Extracted entries:
+ + +

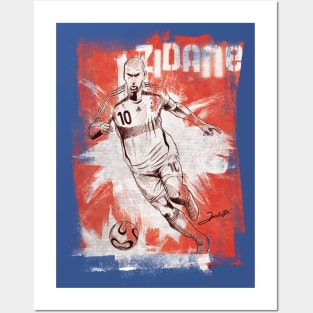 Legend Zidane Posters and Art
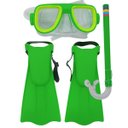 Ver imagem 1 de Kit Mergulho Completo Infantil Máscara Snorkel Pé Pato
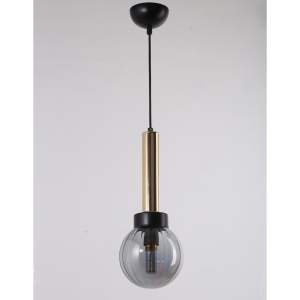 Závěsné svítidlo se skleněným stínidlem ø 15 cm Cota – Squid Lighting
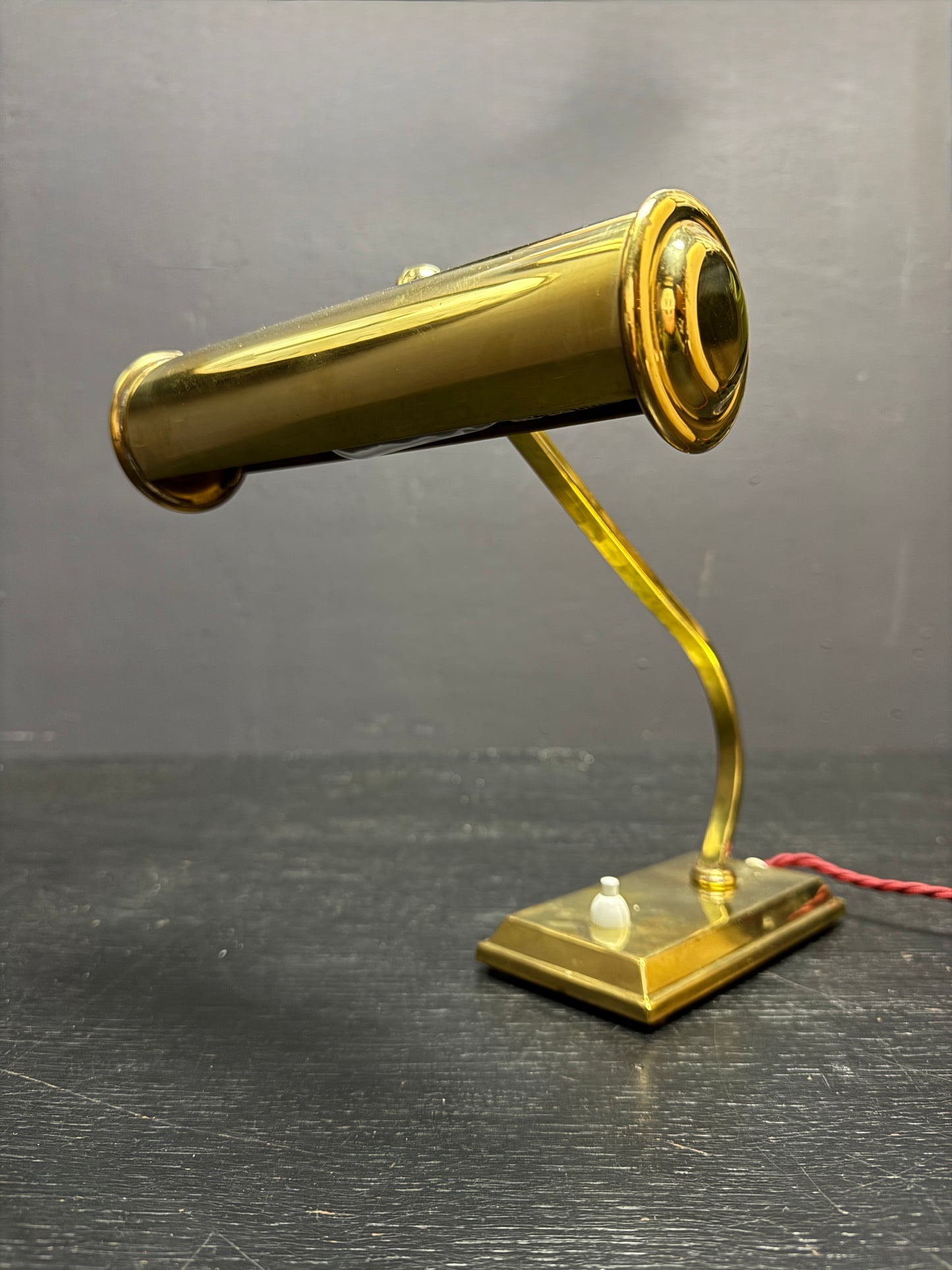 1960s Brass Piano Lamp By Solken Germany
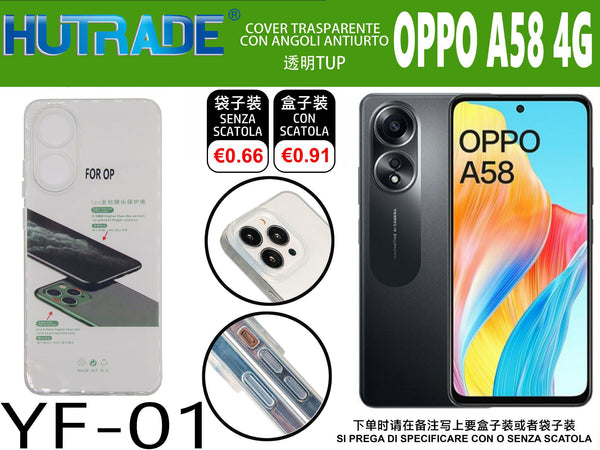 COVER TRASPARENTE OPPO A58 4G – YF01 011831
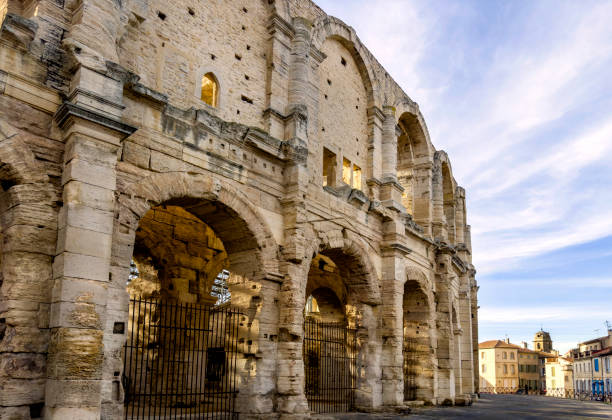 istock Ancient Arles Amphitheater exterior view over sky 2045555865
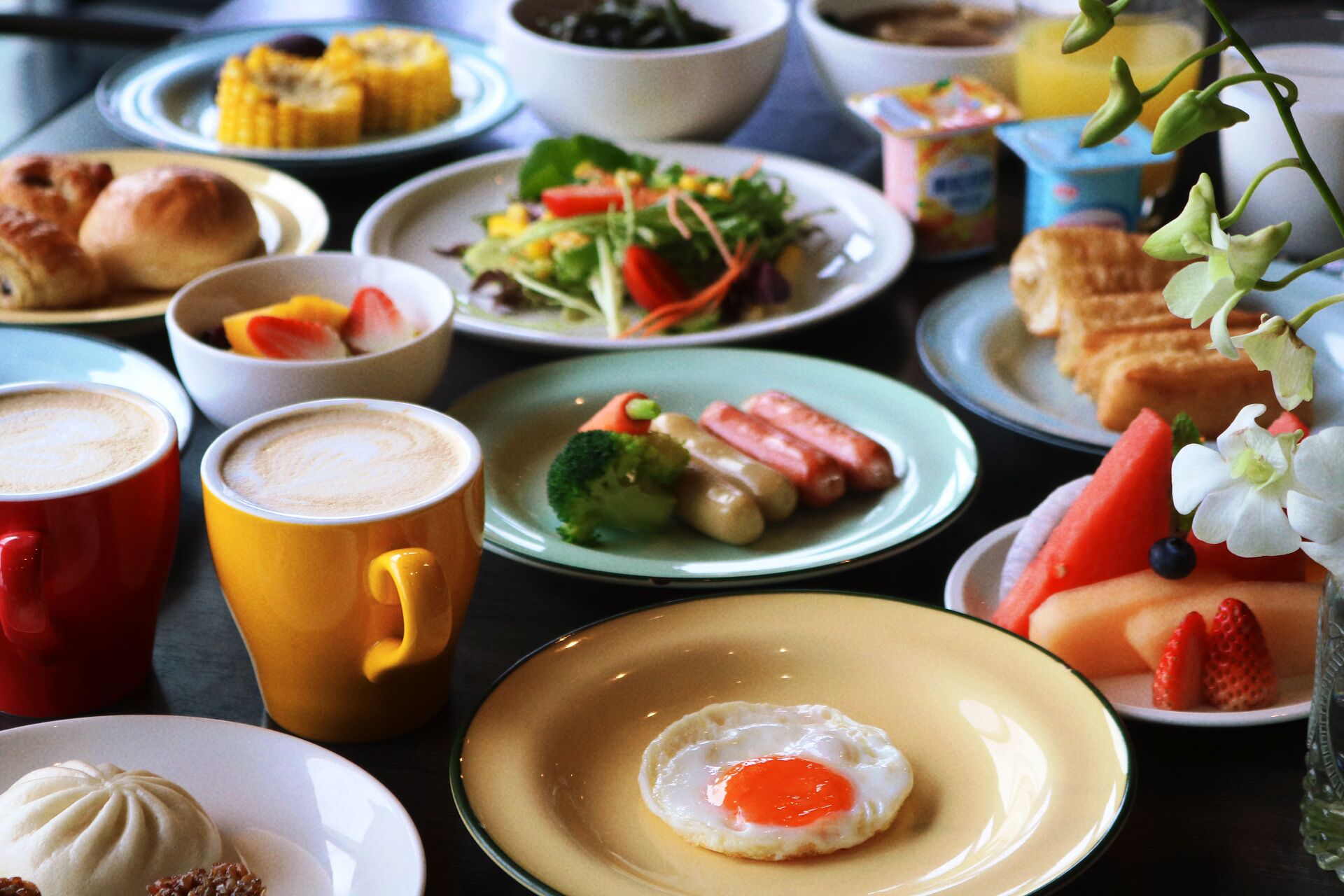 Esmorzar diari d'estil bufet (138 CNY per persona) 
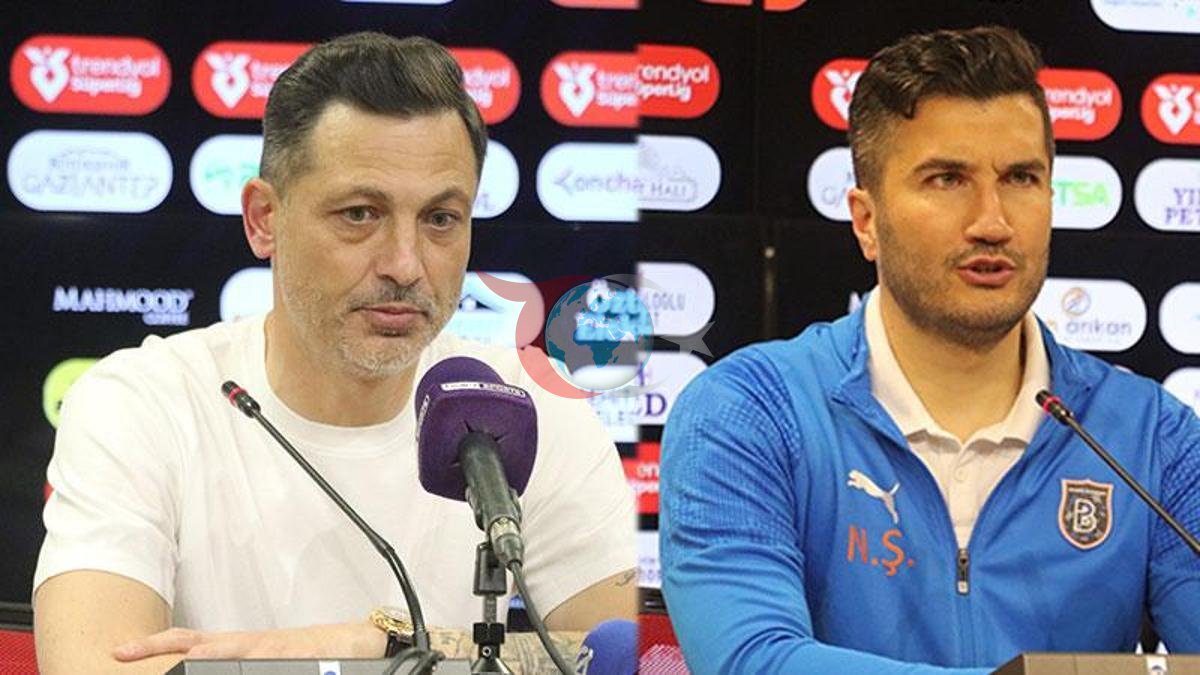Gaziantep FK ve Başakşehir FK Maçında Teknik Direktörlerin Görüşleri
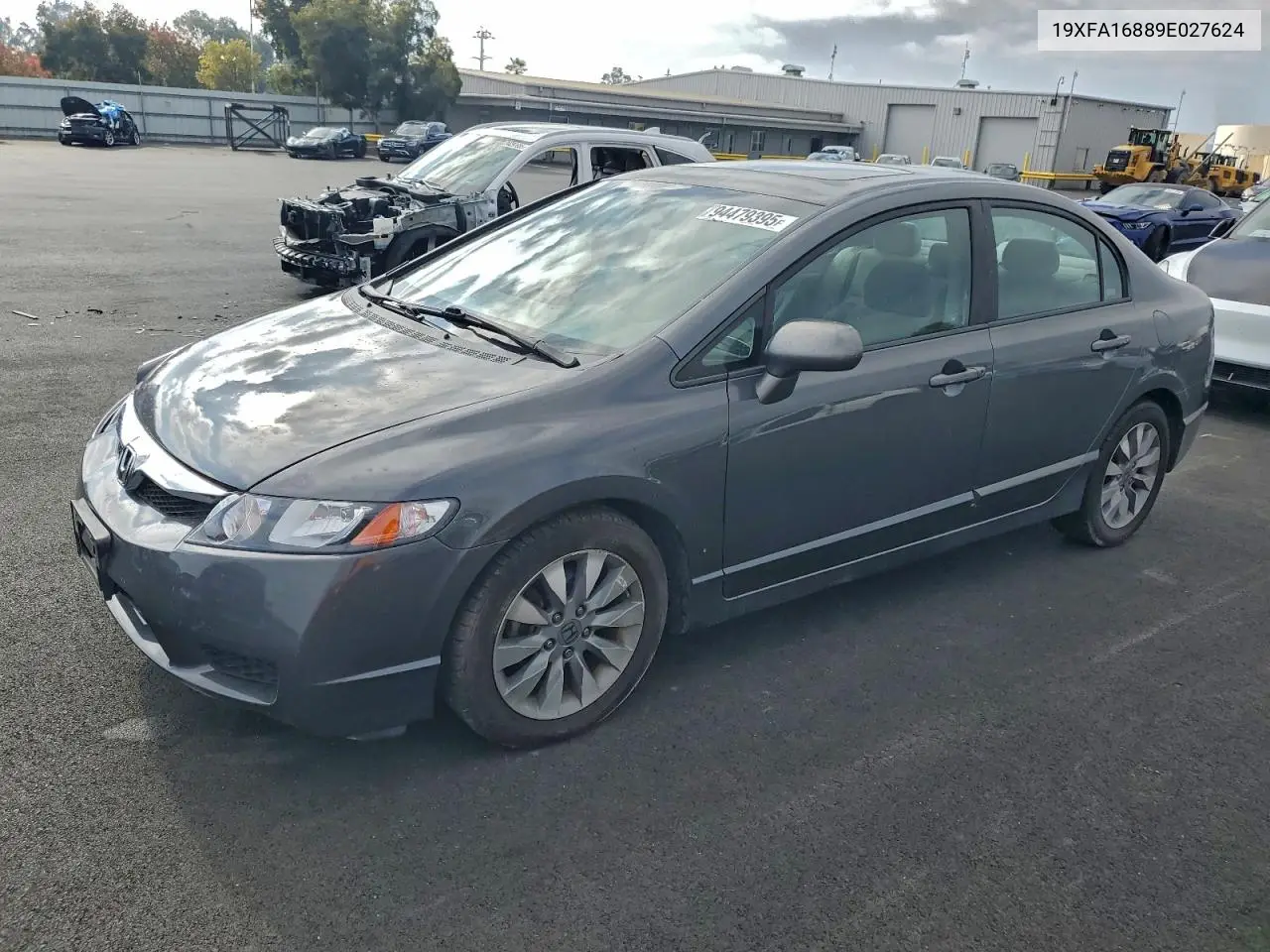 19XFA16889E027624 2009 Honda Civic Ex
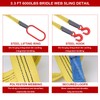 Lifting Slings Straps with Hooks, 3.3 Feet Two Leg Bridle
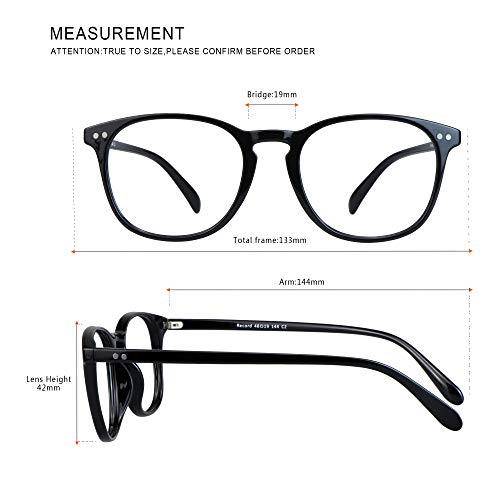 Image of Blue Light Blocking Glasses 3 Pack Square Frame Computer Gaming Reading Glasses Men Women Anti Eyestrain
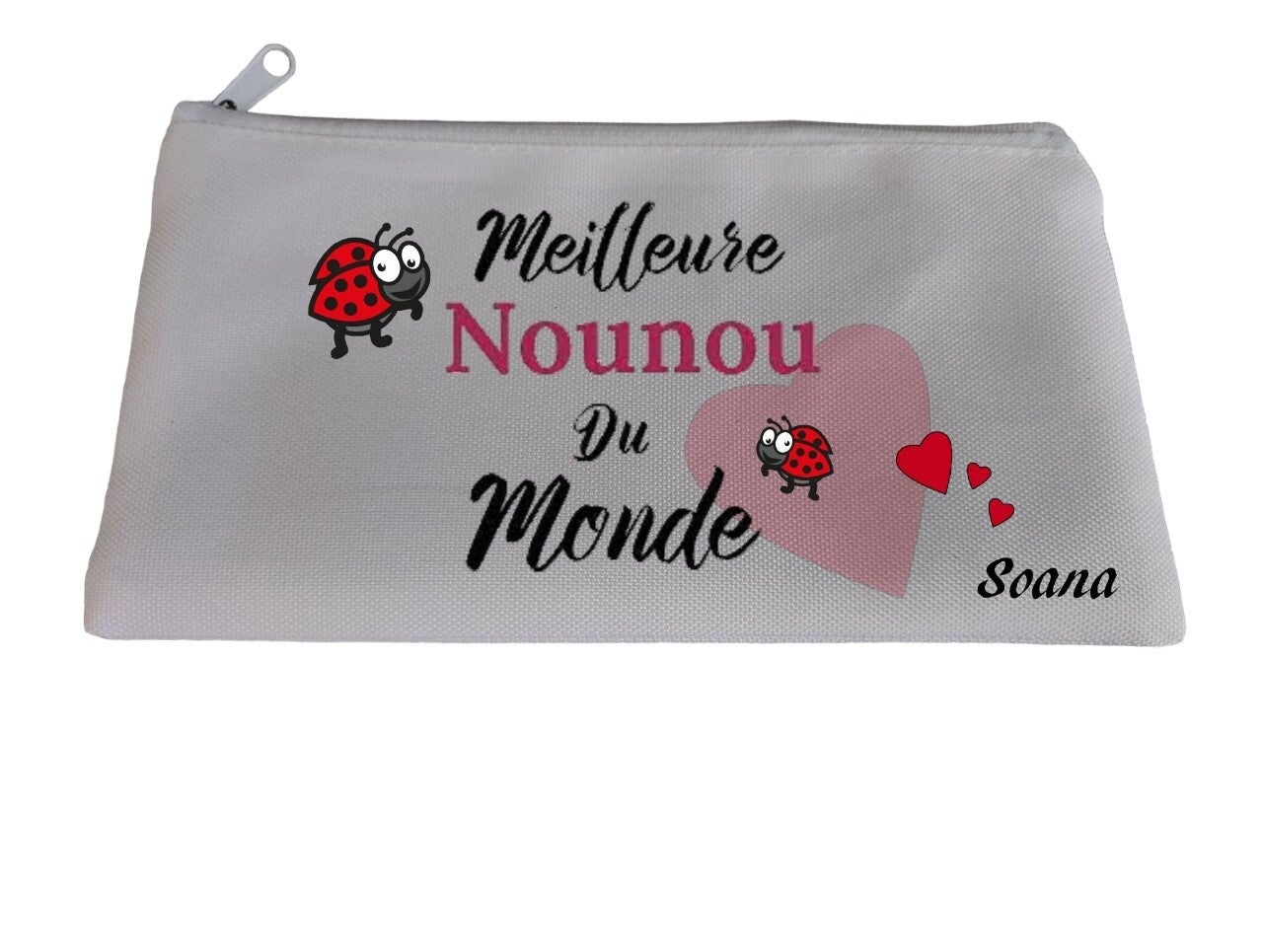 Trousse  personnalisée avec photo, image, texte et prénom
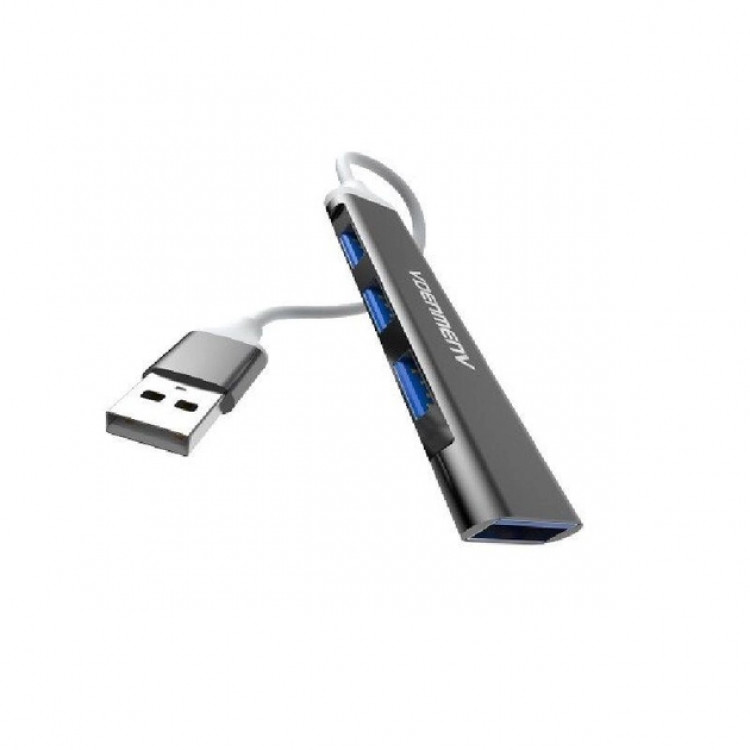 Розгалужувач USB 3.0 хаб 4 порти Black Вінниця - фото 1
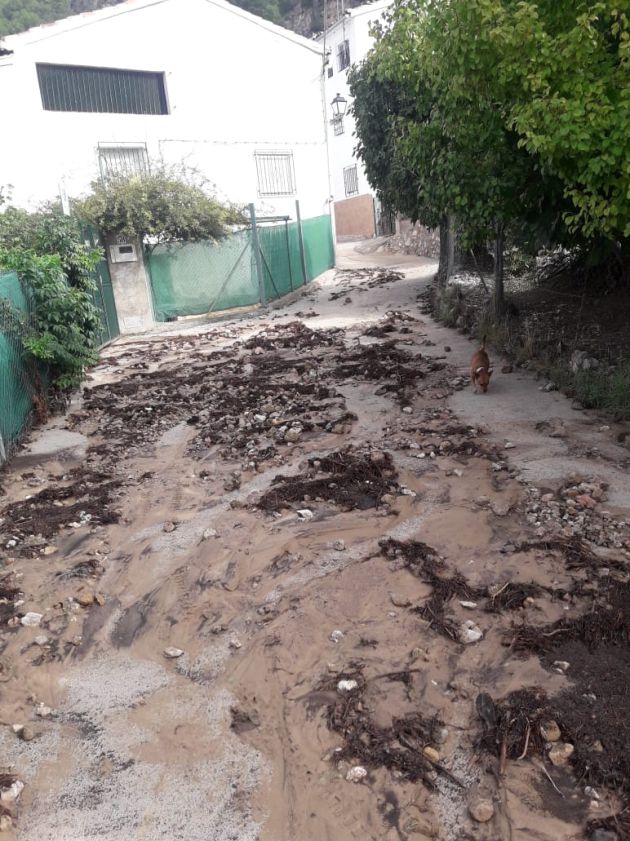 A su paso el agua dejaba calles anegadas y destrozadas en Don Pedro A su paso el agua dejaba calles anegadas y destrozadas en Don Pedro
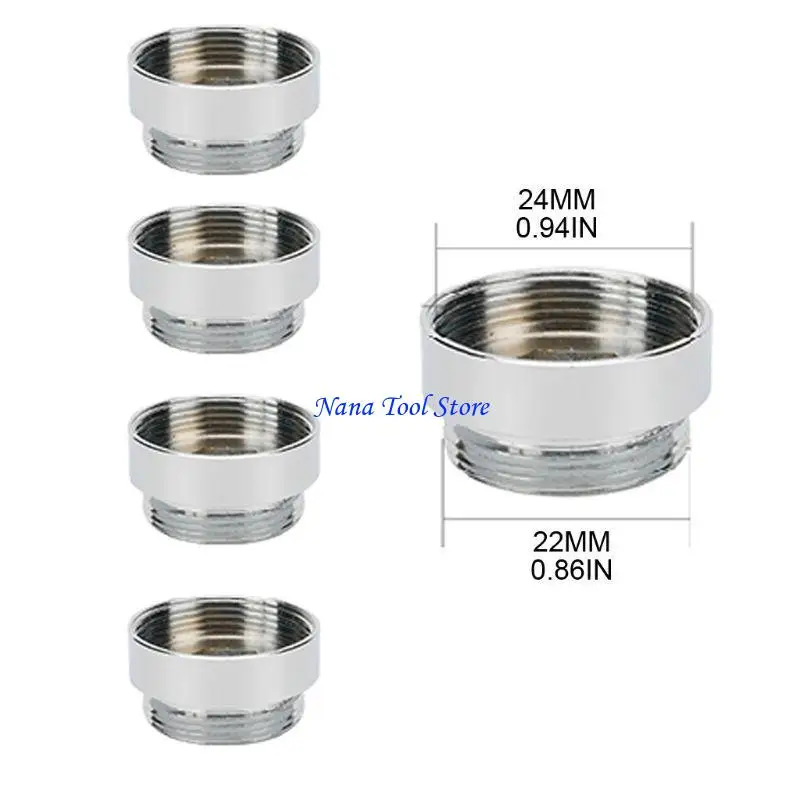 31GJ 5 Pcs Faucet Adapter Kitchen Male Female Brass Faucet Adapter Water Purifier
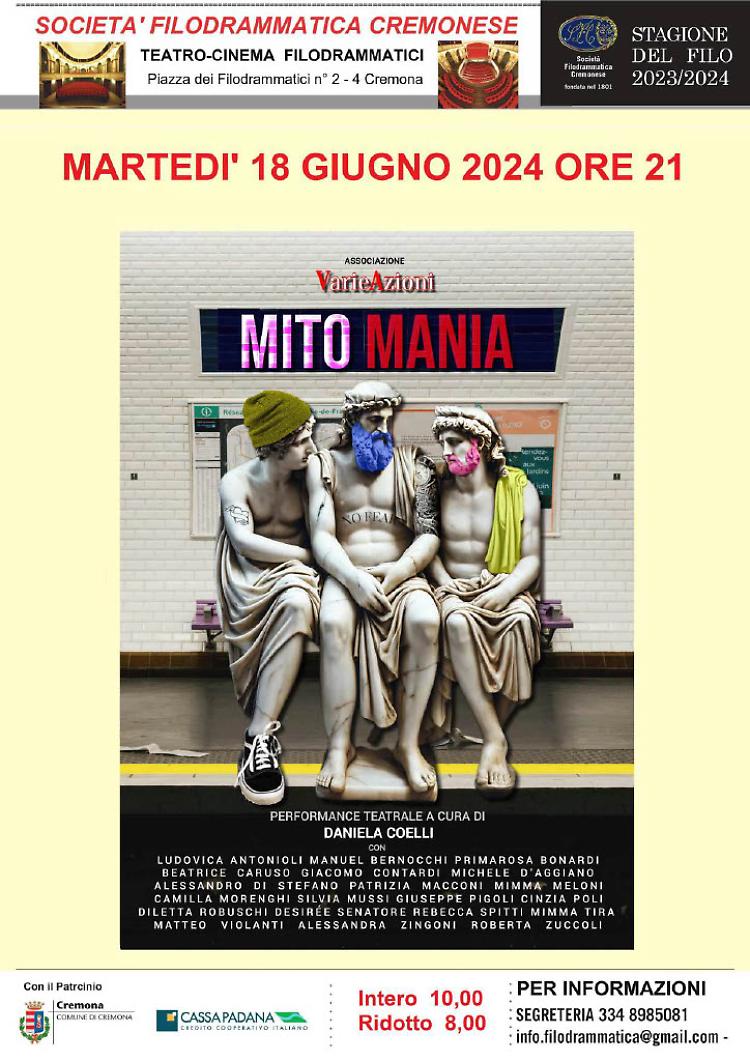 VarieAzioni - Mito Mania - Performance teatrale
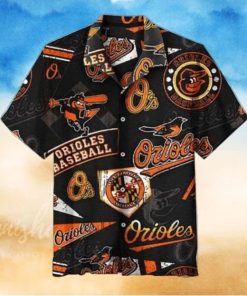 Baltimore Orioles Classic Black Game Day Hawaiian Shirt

+ + +

What is needed: Please give back an exact copy of the entries above from their first line through the line containing "1960s Brass Piano Lamp By Solken Germany", leaving the pictures aside.

Answer to the exercise:
 Legend Zidane Posters and Art
 Ver imagem 1 de Kit Mergulho Completo Infantil Máscara Snorkel Pé Pato
 Závěsné svítidlo se skleněným stínidlem ø 15 cm Cota – Squid Lighting
 1960s Brass Piano Lamp By Solken Germany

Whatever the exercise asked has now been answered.